- Work instruction
Your answer should be a single number: the count of lines in the material below that hold "during".

- Listed records
=== Begin Enclosure ===
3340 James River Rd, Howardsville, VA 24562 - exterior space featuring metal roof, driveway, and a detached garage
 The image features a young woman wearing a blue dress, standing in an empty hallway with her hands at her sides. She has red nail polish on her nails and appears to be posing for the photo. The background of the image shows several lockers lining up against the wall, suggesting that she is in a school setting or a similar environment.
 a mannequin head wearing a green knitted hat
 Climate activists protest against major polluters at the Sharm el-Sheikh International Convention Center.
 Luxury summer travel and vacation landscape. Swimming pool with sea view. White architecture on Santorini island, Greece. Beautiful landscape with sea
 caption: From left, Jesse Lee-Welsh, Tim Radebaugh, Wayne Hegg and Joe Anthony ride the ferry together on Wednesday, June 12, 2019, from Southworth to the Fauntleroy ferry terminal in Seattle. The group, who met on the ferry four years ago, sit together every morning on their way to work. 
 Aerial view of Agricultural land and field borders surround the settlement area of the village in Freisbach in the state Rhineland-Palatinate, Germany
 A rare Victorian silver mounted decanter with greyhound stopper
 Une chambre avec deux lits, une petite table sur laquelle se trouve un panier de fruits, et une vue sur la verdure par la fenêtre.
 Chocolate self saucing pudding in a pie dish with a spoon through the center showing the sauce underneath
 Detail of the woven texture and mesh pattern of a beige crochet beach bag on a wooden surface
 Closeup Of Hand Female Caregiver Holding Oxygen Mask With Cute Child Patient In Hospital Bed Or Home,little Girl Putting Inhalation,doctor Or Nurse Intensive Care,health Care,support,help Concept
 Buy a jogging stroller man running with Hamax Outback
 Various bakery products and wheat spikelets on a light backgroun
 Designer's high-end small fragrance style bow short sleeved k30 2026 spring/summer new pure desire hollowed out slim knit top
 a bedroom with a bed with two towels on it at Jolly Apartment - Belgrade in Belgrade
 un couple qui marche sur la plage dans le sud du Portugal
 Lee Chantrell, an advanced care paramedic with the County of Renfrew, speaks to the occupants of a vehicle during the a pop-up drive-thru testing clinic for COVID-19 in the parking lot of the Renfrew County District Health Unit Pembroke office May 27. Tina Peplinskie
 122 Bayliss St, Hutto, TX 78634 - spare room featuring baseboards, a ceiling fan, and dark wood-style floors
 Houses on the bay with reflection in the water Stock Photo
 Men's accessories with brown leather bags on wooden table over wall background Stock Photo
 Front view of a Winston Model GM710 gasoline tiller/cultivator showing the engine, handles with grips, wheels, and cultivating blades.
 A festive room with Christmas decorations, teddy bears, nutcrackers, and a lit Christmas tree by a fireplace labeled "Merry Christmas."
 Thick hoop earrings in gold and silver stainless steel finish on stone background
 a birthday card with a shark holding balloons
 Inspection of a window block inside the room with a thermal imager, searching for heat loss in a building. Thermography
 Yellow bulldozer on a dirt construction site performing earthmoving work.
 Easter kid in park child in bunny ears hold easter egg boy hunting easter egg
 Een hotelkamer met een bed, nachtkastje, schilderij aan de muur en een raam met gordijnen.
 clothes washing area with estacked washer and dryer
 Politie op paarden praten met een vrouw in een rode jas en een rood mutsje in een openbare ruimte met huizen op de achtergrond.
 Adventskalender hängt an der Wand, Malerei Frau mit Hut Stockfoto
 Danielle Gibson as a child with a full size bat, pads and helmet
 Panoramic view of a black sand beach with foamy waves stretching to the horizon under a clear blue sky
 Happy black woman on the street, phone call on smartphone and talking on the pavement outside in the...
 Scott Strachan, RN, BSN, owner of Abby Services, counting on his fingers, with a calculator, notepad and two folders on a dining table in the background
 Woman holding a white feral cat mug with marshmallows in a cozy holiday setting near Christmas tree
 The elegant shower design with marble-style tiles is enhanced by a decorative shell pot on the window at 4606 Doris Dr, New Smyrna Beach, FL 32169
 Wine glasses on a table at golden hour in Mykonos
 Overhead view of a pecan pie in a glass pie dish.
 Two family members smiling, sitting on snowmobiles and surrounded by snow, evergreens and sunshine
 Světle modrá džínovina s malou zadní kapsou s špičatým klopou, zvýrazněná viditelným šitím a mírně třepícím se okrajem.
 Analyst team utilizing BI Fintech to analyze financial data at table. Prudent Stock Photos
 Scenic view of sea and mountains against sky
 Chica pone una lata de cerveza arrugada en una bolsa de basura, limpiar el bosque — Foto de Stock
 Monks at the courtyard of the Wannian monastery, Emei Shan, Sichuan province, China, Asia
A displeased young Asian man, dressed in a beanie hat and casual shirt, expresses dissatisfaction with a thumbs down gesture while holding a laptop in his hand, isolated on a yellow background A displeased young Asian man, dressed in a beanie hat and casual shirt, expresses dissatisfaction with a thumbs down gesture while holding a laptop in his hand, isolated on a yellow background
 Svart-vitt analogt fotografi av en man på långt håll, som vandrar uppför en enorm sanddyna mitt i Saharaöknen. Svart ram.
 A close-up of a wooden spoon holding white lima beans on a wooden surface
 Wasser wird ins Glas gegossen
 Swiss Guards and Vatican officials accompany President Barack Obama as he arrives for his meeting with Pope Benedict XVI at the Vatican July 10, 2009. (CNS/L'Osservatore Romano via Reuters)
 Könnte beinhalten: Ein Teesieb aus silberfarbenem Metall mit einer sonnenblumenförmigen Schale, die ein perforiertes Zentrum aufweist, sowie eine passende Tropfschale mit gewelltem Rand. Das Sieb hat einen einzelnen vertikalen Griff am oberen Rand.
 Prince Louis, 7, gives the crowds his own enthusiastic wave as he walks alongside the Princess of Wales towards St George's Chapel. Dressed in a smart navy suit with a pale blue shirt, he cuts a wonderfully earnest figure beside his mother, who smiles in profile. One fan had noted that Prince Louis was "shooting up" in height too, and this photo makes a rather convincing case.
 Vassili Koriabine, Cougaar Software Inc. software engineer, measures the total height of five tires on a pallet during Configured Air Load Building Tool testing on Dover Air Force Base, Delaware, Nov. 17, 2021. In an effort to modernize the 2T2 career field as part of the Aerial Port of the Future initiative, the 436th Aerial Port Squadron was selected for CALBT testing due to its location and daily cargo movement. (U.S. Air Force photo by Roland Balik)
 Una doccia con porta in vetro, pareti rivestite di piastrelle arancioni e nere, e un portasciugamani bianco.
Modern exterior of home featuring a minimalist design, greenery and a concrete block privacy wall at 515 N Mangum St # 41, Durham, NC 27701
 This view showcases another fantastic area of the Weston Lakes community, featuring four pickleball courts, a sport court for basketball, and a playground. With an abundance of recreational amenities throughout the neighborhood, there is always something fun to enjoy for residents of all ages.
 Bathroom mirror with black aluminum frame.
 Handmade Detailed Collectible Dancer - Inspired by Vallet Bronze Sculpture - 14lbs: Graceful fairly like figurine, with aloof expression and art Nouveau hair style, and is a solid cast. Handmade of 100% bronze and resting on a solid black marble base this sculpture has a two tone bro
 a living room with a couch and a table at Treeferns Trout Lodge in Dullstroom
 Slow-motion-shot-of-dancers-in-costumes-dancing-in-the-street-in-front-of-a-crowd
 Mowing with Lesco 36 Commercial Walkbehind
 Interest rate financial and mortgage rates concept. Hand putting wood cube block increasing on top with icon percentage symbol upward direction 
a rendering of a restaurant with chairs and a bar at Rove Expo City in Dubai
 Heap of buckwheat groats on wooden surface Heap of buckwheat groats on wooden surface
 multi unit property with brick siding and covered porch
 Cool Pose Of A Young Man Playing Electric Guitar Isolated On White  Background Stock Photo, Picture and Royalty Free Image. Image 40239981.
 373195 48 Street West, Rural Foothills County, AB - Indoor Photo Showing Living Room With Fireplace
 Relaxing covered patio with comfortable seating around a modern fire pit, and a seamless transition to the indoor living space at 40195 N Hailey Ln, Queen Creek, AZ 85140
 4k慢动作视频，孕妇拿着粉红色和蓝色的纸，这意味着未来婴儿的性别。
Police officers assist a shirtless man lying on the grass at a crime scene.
=== End Enclosure ===
- Exercise response
2